Nous assistons depuis 2018 à une vraie montée en puissance de l’industrie de régénération civile qui se ressent en termes de résultats et qui se voit physiquement. Quand on va voir les usines, on voit, là, un nouvel entrepôt, là, une nouvelle ligne de production…

Mais quel est notre point faible tant en ce qui concerne notre industrie étatique que l’industrie privée ? Les compétences, ils les acquièrent ; l’outil industriel, ils l’acquièrent également. Aujourd’hui, clairement notre point faible à tous dans le domaine de la défense – industrie étatique et forces civiles -, concerne le stock, le rechange. Nous n’avons pas aujourd’hui la profondeur logistique dont nous aurions besoin.
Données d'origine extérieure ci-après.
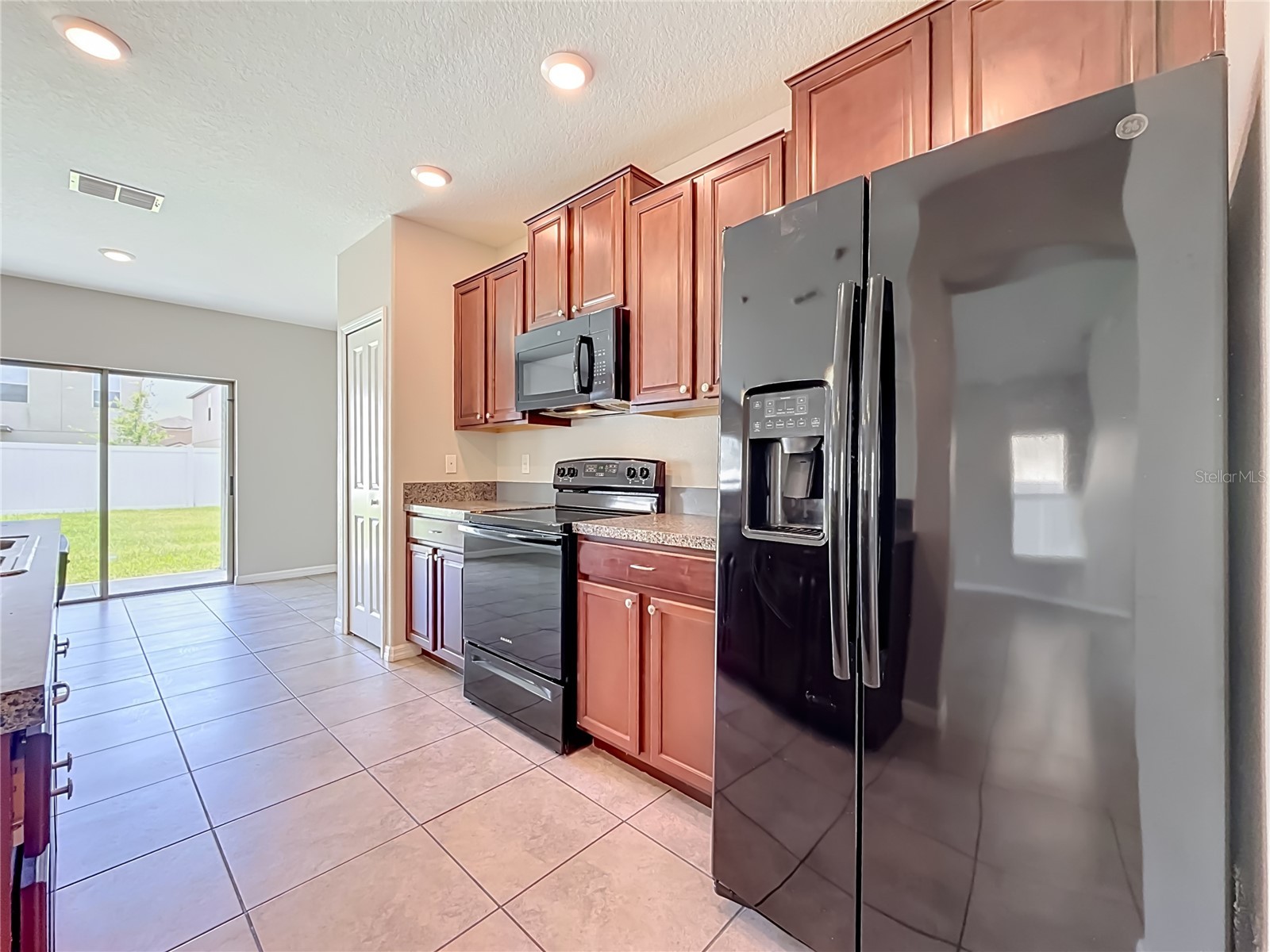 7405 Evening Primrose Court Tampa FL 33619 C7526099 image17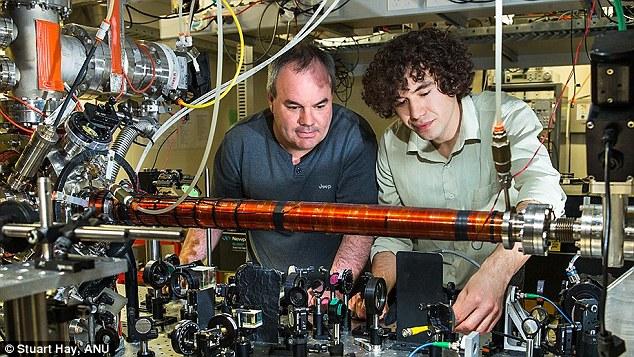 Fysikern Andrew Truscott och fysikstudenten Roman Khakimov på Australian National University.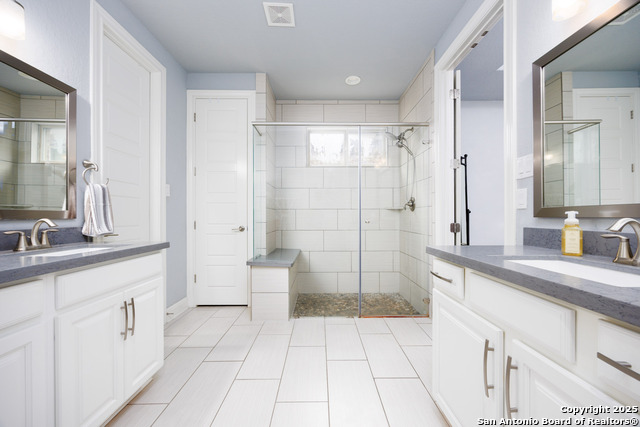 Image 22 of 44 For 21902 Waldon Manor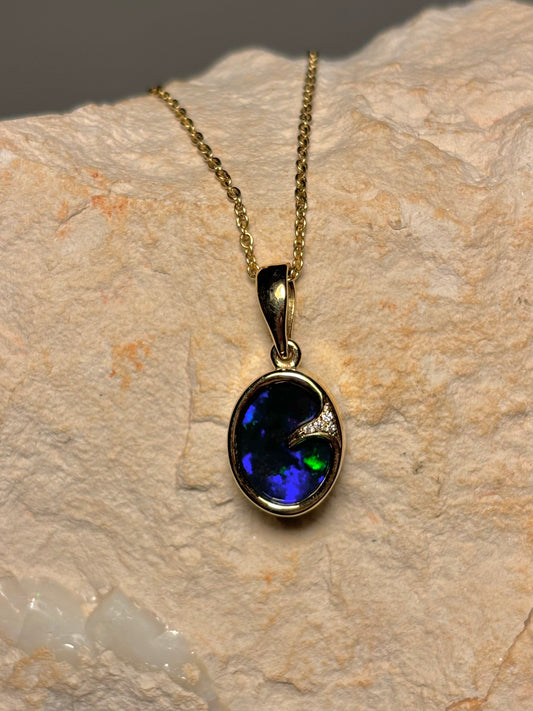 Black opal wave necklace - 14k gold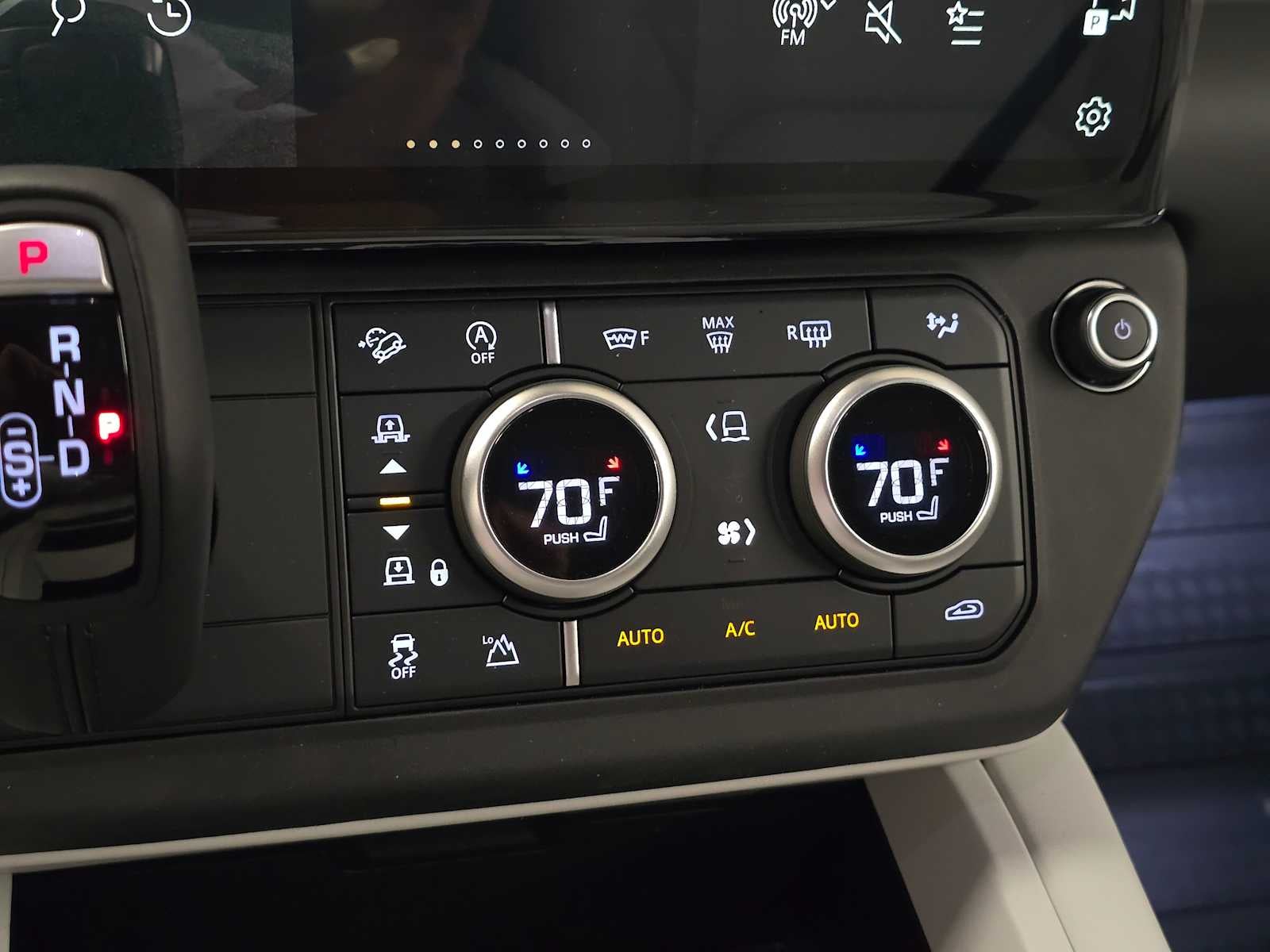 2026 Land Rover Defender X-Dynamic SE 110 P400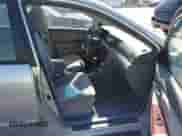 2005 Toyota Corolla CE с VIN JTDBR32E352058320, выставлен на аукционе IAAI как лот 43504132 с пробегом 299 999 миль миль и . История ставок и продаж доступна на DreamBid. Изображение 5.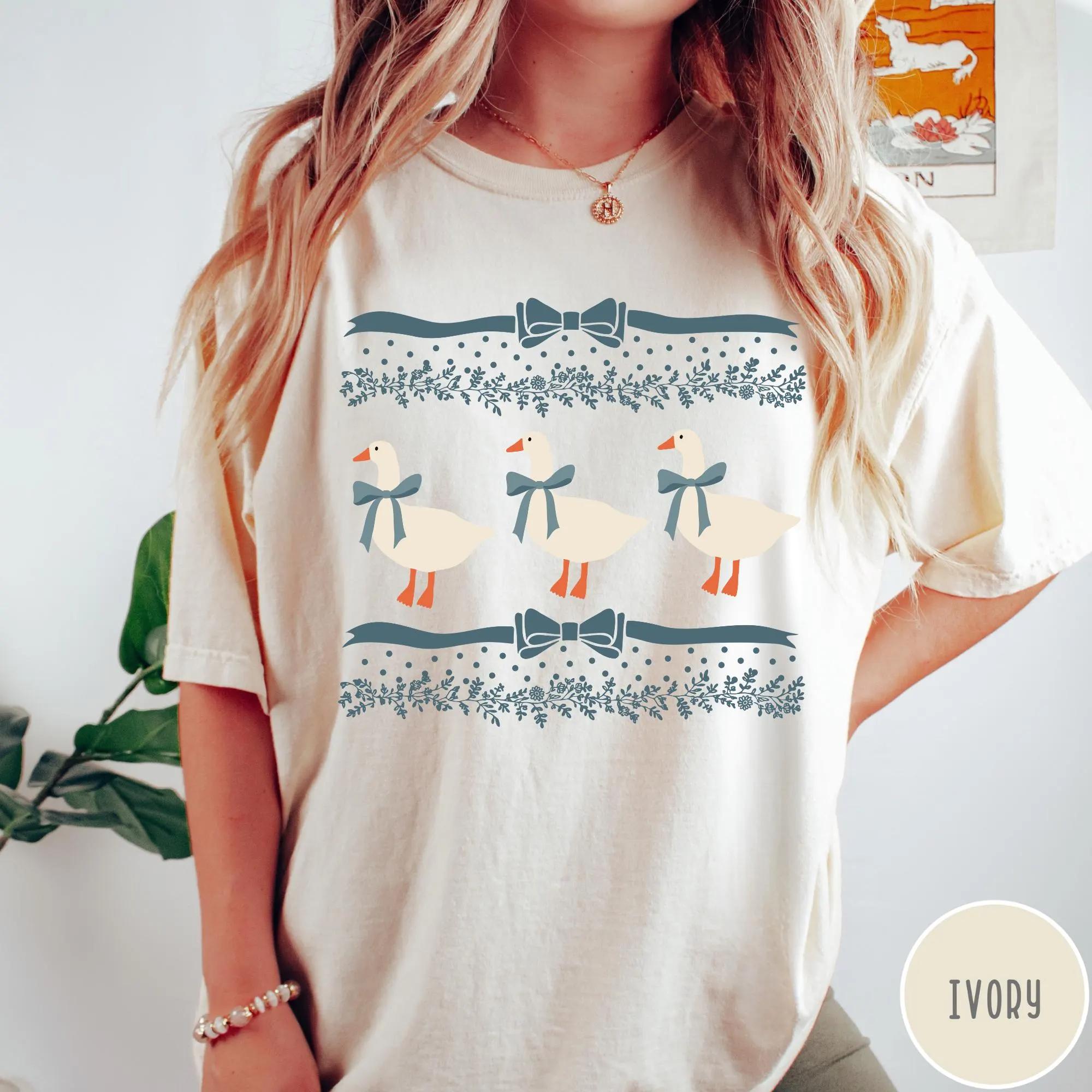 

2026 Summer Womens Retro Goose with Hearts Graphic TShirt Unisex Cotton and Breathable Short Sleeve Oversized Loose Casual 4XL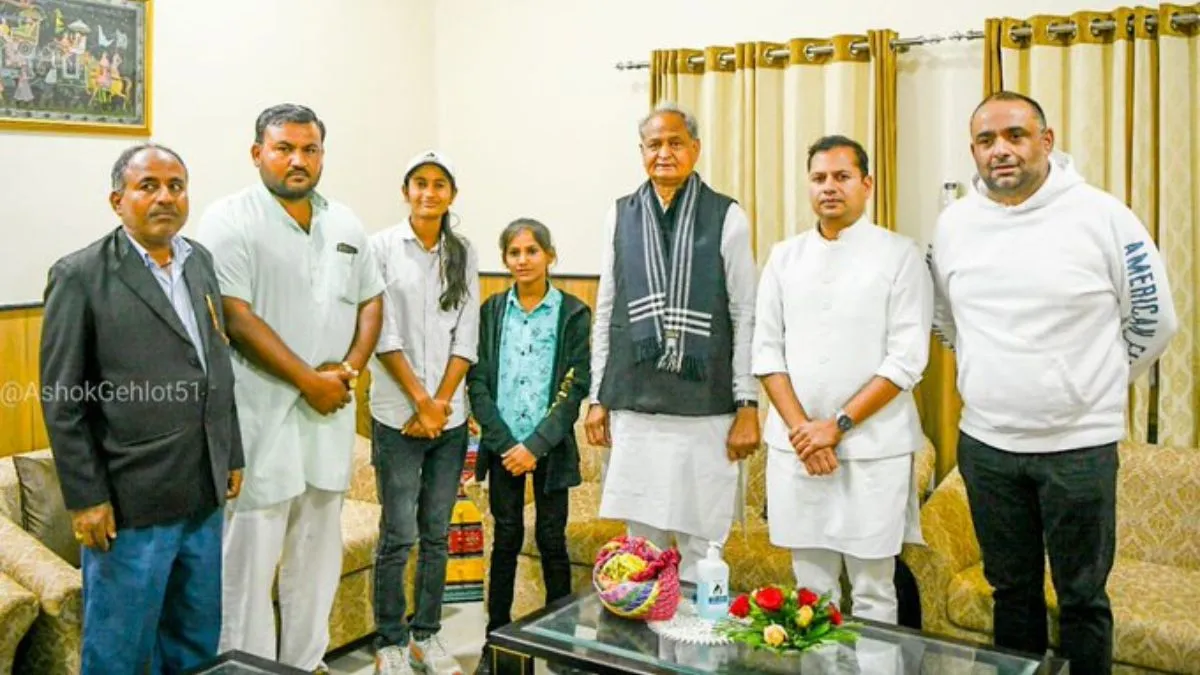मूमल मेहर से राजस्थान के मुख्यमंत्री अशोक गहलोत ने मुलाकात की।- India TV Hindi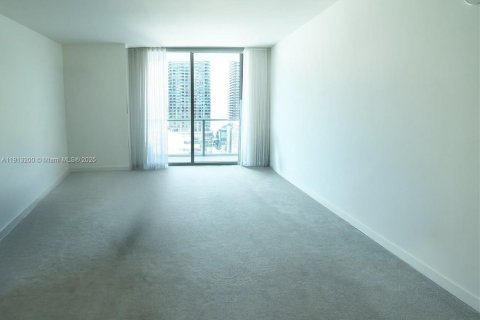 Снять в аренду кондоминиум в Майами, Флорида 1 спальня, 75.44м2, № 2035036 - фото 4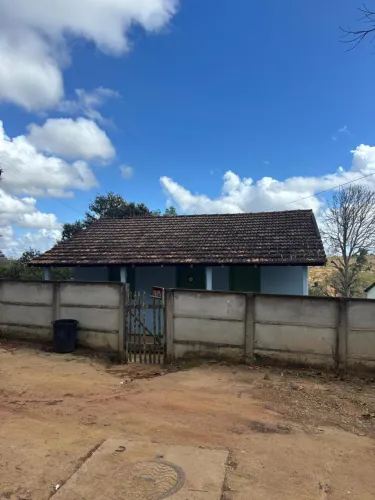 2 casas em um terreno grande no São Cristóvão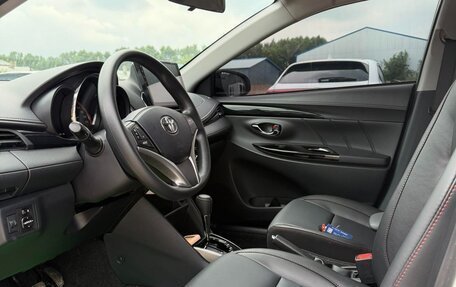 Toyota Yaris, 2022 год, 1 320 000 рублей, 10 фотография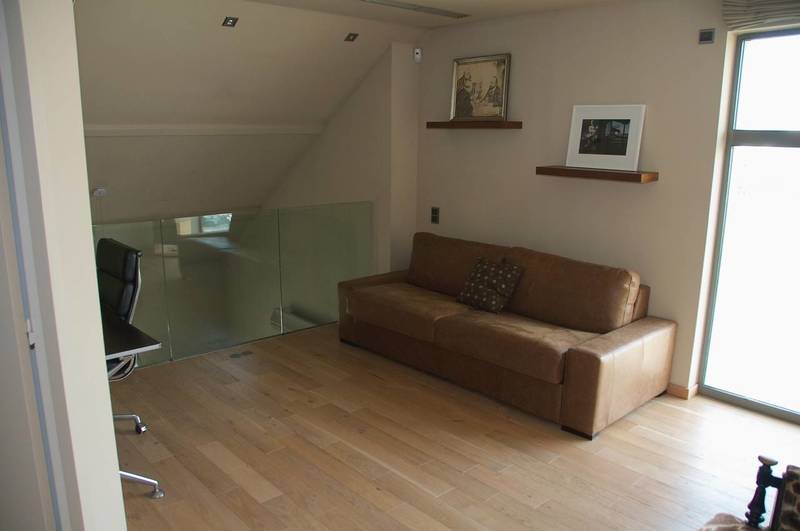 Location appartement 3 pièces à Cessy 01170 - 2 500 €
Un des points clés pour y parvenir consiste à parfaire la traçabilité du rechange, c’est-à-dire savoir où les rechanges sont fabriqués initialement. Et c’est ce que nous nous efforçons de faire en liaison avec l’ensemble des entreprises qui appartiennent au GICAT. Même si tel type de rechange arrive de tel pays, d’Asie, d’Europe, ou autre, il s’avère souvent être un produit déjà assemblé avec une partie des pièces originaires d’un autre pays. Je prends l’exemple du véhicule 4×4 de commandement et de liaison léger VT4, qui est du Ford Everest transformé par Arquus à Saint-Nazaire. Le Ford Everest est fabriqué en Thaïlande, mais une partie des pièces provient d’autres pays asiatiques.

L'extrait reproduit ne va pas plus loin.